Waarom het moeilijk is om je 20e levensjaar door te komen
Net als een klok neemt de terug-naar-school-gekte elk jaar onze levens over, en het zijn niet alleen de ouders onder ons die de sfeer van het seizoen te pakken krijgen. Maar de opwinding van september kan vervreemdend zijn: Voor pas afgestudeerden (en iedereen die twee decennia lang heimwee heeft naar de structuur die de eerste schooldag met zich meebracht) voelt het minder als een tijd van een nieuw begin en meer als een herinnering aan wat er niet meer is – aan de onzekerheid van wat komen gaat. Het is een overgangsperiode waar psychotherapeute Satya Byock vindt dat jongvolwassenen grotendeels onvoorbereid op zijn. In haar praktijk in Portland, Oregon (met de toepasselijke naam Quarter-Life Counseling), begeleidt ze twintigers en dertigers bij het omgaan met de grensstadia van het leven – wanneer je, zoals Byock het omschrijft, “afscheid neemt van de ene identiteit en begint met het creëren van de volgende”. Hoewel dit advies vooral relevant is aan de vooravond van september, is het niet alleen van toepassing op het schooljaar en het millennial cohort. (Voor meer van Byock, zie haar goop stuk, Why Millennials Can’t Just “Grow Up.”)

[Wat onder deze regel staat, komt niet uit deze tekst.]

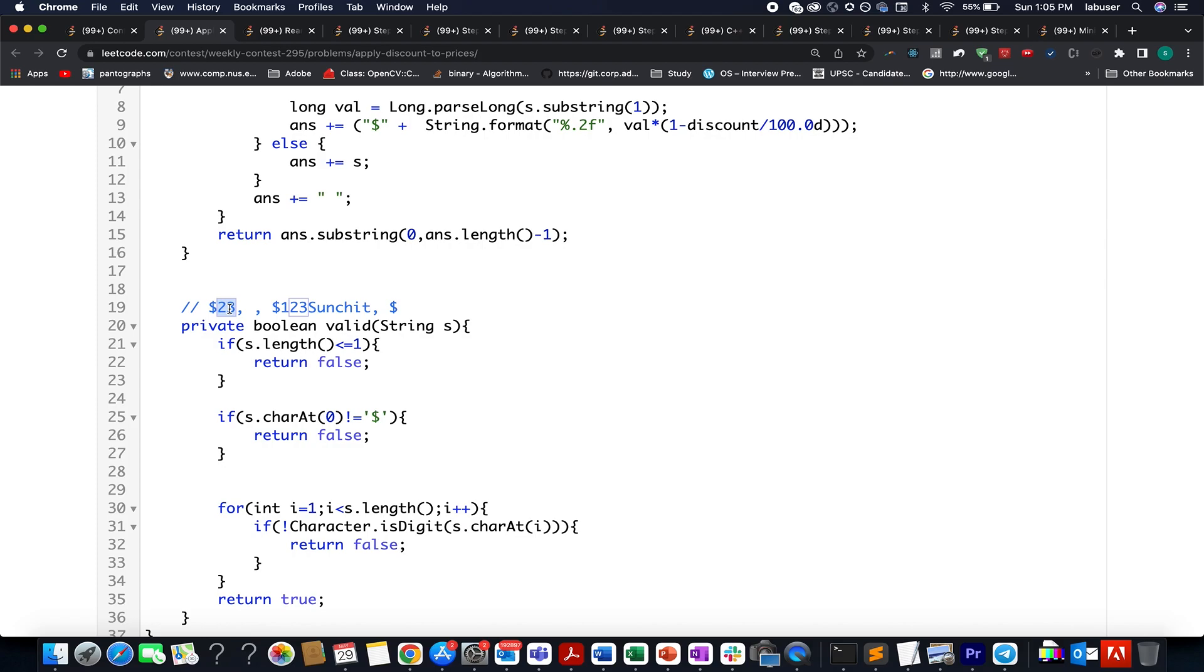In the second case, we have dollar 123sancher. As you can see, we have a mix of English characters and digits. Therefore, this doesn't represent the price of an object, and we have to return false in those cases.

Caught in the In-Between: Making Sense of Post-College Life
Door Satya Doyle Byock
De school gaat binnenkort weer beginnen. Alsof met een gecoördineerde knip van het hoofd, de focus is veranderd van vakantie-modus terug naar klas en werk. Maar sommige mensen voelen zich niet op hun plaats. Voor mensen die niet meer naar school gaan, maar nog niet gewend zijn aan een leven zonder structuur en een kant-en-klaar doel, kan het terug-naar-school-seizoen een gevoel van angst opwekken. Plotseling voelt het alsof je alle repetities hebt gemist over hoe je een zelfverzekerde, gelukkige volwassene kunt zijn. De zomer heeft misschien verlichting van onzekerheid gebracht toen iedereen op het strand dartelde, romans las en tijd verspilde, maar nu komen de brandende vragen met wraak terug: Wat is het volgende? Wie ben ik?
Op school waren er altijd duidelijk omschreven doelen. Binnen elke klas waren er richtlijnen en deadlines, en elke klas leidde naar de volgende. Vaak is de dag van het afstuderen zo ver als de plannen van het leven reiken. Er is niet veel tijd voor planning, noch voor begeleiding bij hoe het leven er na school uit zal zien.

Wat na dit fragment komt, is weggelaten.